Write it down. I have depended so much on electronics for things within the last 2 years of not being in the working field. This is not a bad thing, but for me, I noticed it was. When I worked I used to have sticky notes all over the place in my office, of "to do lists" or goals, or reminders. Same with being at home. I would write lists of chores, or meals, or "to-dos". Since I've gotten away from having an organized office space, I've used my lap top and phone more for things like that and I have realized that if I don't have the list in front of me, it doesn't get done. If I have to search for it in my phone or app or laptop then it will get overlooked more than looked at and will get pushed to the back burner. This year I will be physically writing down my work outs, my Scentsy meetings, my chores, my grocery lists, etc. And to do this, I have purchased my first Erin Condren Life Planner! I have seen so many people use these and speak so highly of them, so I thought I'd give it a try! I'm already in love! Plus it was a nice gift to myself for beginning my own business :)
|Isn't it pretty? :)|
Believe in myself. There's a particular reason that I've learned and it is why I haven't done well at following through with things. That is fear of failure. If/When I quit, I don't give myself the opportunity to fail. I don't have to make myself deal with the disappointment. I think the path that I am on is a good one and it's making me realize more and more how to believe in myself and when I actually do, I'm usually rewarded. I am also learning how to deal with disappointment because nothing is perfect and nothing will ever go 100% as planned.
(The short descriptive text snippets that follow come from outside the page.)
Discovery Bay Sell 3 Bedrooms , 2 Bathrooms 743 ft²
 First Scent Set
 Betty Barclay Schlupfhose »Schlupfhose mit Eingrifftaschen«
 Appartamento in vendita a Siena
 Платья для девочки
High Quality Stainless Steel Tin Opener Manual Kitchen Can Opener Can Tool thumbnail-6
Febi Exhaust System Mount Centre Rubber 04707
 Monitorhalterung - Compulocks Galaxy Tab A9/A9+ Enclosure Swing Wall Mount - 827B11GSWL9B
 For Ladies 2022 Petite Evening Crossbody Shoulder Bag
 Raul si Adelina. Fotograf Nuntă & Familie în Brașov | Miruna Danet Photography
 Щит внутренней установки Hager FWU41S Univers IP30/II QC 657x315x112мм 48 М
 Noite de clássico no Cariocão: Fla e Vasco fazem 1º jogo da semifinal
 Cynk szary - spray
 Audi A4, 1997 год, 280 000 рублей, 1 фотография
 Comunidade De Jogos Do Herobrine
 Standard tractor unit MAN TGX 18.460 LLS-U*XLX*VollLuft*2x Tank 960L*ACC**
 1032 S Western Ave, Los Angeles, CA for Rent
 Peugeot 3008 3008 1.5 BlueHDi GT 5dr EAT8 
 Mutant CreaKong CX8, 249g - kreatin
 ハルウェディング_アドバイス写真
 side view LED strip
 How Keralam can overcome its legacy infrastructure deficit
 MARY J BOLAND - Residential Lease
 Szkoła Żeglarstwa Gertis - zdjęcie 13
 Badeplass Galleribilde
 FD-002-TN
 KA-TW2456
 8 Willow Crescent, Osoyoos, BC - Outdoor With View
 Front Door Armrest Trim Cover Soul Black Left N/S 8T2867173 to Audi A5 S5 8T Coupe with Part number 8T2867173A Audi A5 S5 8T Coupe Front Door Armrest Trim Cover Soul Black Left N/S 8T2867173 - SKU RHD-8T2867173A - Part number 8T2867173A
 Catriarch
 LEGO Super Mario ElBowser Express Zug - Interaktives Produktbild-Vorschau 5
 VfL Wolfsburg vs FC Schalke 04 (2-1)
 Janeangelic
Stick to fitness. Using my first resolution mentioned above, physically write down a weekly workout plan and stick to it. I can't drink coffee without a lot of cream and a lot of sugar, so my goal is to stick to hot herbal teas with honey. Drink more water. Eat less junk. Sometimes I think that maybe I don't want it bad enough to keep starting and stopping, but I really do. Motivation is key and it needs to happen every day, not just every now and then. I'm working on that! I am running a 5K race in 131 days after all. I have to be ready for it! Plus I seemed to have gained my baby weight back. :( Damn you holiday treats!
Get it together. Organization is key. Over the years, I have somehow become more and more disorganized and I have realized that it has caused me much unnecessary stress. Hopefully in the Spring or Summer of this year we will be in a different house and can better organize our things since we won't be relying on a
Stick to blogging. I love that I have picked up blogging a LOT in the last 12 months and I want to continue to do that. My goal is to publish 2-3 posts a week every week. Along with writing more often, I hope to finally come up with a new redesign and finally feel comfortable in my blogging skin. Not that I don't feel comfortable now, I just feel different from what I started out with. I'll just be "Cassie" instead of a mommy blog "Mama Cassie". Not that I mind being a "mommy blog", but I'm more than just a mother. :)
Be in photographs. I have thousands upon thousands of pictures that I take and there aren't really many of them that I am in. I also would like to have more pictures of Justin, Annaliese and I as a family of three. We don't have many, other than "specific occasions that we have a picture of us three in. It's been almost 15 months. This should stop.
Read a book (or 12). I am giving myself a challenge of reading a book a month for the year. And no, a 10 page Dr. Seuss book doesn't count here. I do love to read books and blogs too, of course, but lately I have only been reading blogs and have put my books on the back burner. I think I can. I think I can.
More of me. Concentrating on my new business, going to the gym, doing crafts, reading books, baking (healthy) goodies...these are all things that I love doing that I haven't given myself time for lately. It's very challenging to find a balance of family, marriage, and personal time, but I know it can be done and it can be done in a healthy way. Balance is also key.
More "us" time. By the time the toddler is in bed and asleep, most nights the husband and I are too tired to even look at each other, let alone cuddle and watch a movie. I miss spending time along with my husband, ya know? He's still my world and my best friend and I want to spend more nights alone with him. I think we need to arrange at least one night a month where we find a sitter and go have dinner out together. We need time to ourselves on a more consistent schedule.
All in all these are things that I want to put my everything into trying for this year. All I have to do is believe I can and I will. Here's to believing!
Do you have any New Year resolutions? If so, what are they and how do you plan to stick with them?